Thursday, July 17, 2008

int survey #6..

**CHOOSE ONE DBMS SOFTWARE AND DISCUSS IT'S STRUCTURE AND HOW ITS DATA ENTRY FORMS ARE CREATED.

ORACLE


The Oracle RDBMS stores data logically in the form of table spaces and physically in the form of data files. Table spaces can contain various types of memory segments; for example, Data Segments, Index Segments etc. Segments in turn comprise one or more extents. Extents comprise groups of contiguous data blocks. Data blocks form the basic units of data storage. At the physical level, data-files comprise one or more data blocks, where the block size can vary between data-files.

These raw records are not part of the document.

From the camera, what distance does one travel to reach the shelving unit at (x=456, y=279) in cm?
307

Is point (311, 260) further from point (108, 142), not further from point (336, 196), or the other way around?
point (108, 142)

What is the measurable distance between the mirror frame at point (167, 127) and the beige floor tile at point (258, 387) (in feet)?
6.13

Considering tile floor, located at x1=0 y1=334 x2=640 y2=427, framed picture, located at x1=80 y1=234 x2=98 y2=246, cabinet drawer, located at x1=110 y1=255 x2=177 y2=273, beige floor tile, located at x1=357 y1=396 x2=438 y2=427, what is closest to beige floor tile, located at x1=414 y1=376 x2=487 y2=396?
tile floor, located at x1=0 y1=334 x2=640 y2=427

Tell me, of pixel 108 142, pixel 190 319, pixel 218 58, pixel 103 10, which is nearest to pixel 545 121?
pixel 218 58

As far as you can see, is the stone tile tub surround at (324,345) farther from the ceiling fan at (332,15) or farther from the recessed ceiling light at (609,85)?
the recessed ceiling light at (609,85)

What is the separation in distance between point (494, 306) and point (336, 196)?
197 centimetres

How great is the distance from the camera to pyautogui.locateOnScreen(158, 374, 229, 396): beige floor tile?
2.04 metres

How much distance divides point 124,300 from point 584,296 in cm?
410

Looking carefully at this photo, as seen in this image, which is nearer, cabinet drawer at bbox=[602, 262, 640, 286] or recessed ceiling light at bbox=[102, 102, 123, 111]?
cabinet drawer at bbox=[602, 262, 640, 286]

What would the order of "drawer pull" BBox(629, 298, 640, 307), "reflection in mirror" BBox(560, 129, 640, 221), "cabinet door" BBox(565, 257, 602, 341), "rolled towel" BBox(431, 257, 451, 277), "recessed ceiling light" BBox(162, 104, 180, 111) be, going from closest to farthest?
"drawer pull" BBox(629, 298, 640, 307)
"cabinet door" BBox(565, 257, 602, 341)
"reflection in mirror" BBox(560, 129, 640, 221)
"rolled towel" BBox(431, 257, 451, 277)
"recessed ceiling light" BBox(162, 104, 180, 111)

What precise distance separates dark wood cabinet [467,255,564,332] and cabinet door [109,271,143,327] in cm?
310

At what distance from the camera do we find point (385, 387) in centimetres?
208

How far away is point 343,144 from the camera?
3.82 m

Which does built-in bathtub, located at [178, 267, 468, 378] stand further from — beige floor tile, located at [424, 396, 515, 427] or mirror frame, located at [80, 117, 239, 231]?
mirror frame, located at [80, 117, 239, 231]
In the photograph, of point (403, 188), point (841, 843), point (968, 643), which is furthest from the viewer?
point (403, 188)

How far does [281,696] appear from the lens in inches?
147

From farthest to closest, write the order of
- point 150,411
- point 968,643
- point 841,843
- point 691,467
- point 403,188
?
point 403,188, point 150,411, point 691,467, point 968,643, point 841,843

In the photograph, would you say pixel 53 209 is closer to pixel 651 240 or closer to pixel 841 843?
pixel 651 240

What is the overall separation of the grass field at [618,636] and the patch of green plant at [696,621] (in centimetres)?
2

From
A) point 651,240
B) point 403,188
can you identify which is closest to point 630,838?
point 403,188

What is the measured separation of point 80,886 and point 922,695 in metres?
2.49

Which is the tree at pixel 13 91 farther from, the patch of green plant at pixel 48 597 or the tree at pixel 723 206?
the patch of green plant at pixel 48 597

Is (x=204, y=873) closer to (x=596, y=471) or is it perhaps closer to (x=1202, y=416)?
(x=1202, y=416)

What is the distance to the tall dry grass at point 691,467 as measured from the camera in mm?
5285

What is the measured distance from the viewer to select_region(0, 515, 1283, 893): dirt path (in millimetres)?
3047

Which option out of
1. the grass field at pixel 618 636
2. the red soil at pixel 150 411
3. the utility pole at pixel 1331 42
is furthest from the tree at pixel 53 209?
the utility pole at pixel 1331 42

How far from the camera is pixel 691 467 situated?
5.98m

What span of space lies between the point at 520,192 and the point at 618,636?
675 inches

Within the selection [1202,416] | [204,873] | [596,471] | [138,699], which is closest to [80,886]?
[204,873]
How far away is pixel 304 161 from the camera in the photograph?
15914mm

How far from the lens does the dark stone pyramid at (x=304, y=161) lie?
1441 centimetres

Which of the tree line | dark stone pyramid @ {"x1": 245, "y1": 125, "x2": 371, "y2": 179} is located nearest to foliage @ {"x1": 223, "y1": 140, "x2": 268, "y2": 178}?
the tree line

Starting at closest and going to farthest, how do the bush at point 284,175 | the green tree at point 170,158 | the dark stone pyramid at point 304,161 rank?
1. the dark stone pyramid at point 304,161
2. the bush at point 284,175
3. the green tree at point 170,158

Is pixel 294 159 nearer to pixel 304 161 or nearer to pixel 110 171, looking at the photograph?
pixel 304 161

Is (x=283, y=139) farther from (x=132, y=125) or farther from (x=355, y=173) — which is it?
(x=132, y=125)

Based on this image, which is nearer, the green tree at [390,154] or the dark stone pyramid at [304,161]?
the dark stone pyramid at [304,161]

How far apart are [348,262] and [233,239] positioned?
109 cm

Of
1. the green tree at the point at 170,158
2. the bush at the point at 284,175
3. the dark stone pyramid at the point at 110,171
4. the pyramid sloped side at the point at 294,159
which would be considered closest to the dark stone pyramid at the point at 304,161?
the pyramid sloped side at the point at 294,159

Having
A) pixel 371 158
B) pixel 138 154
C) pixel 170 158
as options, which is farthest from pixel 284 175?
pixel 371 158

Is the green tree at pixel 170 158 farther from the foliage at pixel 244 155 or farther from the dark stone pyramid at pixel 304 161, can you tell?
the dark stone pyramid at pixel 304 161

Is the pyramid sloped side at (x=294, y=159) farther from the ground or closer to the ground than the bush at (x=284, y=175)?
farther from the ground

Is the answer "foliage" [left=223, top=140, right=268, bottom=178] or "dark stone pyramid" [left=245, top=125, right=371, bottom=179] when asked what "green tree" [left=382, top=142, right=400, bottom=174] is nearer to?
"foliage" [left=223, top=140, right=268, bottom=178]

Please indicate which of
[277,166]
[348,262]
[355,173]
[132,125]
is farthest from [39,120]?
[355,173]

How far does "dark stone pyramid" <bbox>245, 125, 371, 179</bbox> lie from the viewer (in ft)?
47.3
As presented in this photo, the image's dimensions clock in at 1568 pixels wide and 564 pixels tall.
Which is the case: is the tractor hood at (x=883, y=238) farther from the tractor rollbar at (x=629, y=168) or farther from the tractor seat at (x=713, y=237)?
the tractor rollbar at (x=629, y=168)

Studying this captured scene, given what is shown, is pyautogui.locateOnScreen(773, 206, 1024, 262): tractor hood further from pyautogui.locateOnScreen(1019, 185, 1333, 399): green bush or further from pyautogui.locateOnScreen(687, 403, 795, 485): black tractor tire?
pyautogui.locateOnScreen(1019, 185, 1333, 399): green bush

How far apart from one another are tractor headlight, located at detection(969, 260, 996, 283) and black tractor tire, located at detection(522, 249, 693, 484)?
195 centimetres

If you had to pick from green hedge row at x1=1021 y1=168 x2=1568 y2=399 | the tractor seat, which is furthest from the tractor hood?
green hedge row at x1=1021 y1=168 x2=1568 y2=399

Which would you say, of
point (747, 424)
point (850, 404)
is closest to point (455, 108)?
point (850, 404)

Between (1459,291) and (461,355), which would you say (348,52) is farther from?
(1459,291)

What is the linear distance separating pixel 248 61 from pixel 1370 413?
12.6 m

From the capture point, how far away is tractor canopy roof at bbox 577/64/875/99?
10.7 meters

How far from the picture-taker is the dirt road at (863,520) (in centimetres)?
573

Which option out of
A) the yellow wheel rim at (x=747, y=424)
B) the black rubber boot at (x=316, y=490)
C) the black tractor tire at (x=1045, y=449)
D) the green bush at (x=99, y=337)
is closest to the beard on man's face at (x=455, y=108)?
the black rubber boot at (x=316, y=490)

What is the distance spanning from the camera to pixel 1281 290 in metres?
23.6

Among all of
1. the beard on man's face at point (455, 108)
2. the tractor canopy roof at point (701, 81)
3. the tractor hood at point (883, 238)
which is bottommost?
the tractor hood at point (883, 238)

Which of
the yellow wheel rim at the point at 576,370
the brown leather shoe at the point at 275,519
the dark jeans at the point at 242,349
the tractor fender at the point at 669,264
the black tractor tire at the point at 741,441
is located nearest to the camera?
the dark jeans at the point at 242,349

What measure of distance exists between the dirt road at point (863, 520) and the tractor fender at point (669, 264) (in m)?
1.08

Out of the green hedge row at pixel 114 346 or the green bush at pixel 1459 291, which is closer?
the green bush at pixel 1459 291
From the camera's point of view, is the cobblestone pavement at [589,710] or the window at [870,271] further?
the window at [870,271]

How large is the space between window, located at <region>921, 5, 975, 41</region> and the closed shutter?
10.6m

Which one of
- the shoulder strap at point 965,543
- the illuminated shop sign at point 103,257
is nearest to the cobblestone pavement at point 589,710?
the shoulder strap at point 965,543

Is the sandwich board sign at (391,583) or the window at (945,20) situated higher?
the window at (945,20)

Oracle database management tracks its computer data storage with the help of information stored in the SYSTEM table space. The SYSTEM table space contains the data dictionary — and often (by default) indexes and clusters. (A data dictionary consists of a special collection of tables that contains information about all user-objects in the database). Since version 8i, the Oracle RDBMS also supports "locally managed" table spaces which can store space management information in bitmaps in their own headers rather than in the SYSTEM table space (as happens with the default "dictionary-managed" table spaces).

If the Oracle database administrator has instituted Oracle RAC (Real Application Clusters), then multiple instances, usually on different servers, attach to a central storage array. This scenario offers numerous advantages, most importantly performance, scalability and redundancy. However, support becomes more complex, and many sites do not use RAC. In version 10g, grid computing has introduced shared resources where an instance can use (for example) CPU resources from another node (computer) in the grid.

The Oracle DBMS can store and execute stored procedures and functions within itself. PL/SQL (Oracle Corporation's proprietary procedural extension to SQL), or the object-oriented language Java can invoke such code objects and/or provide the programming structures for writing them.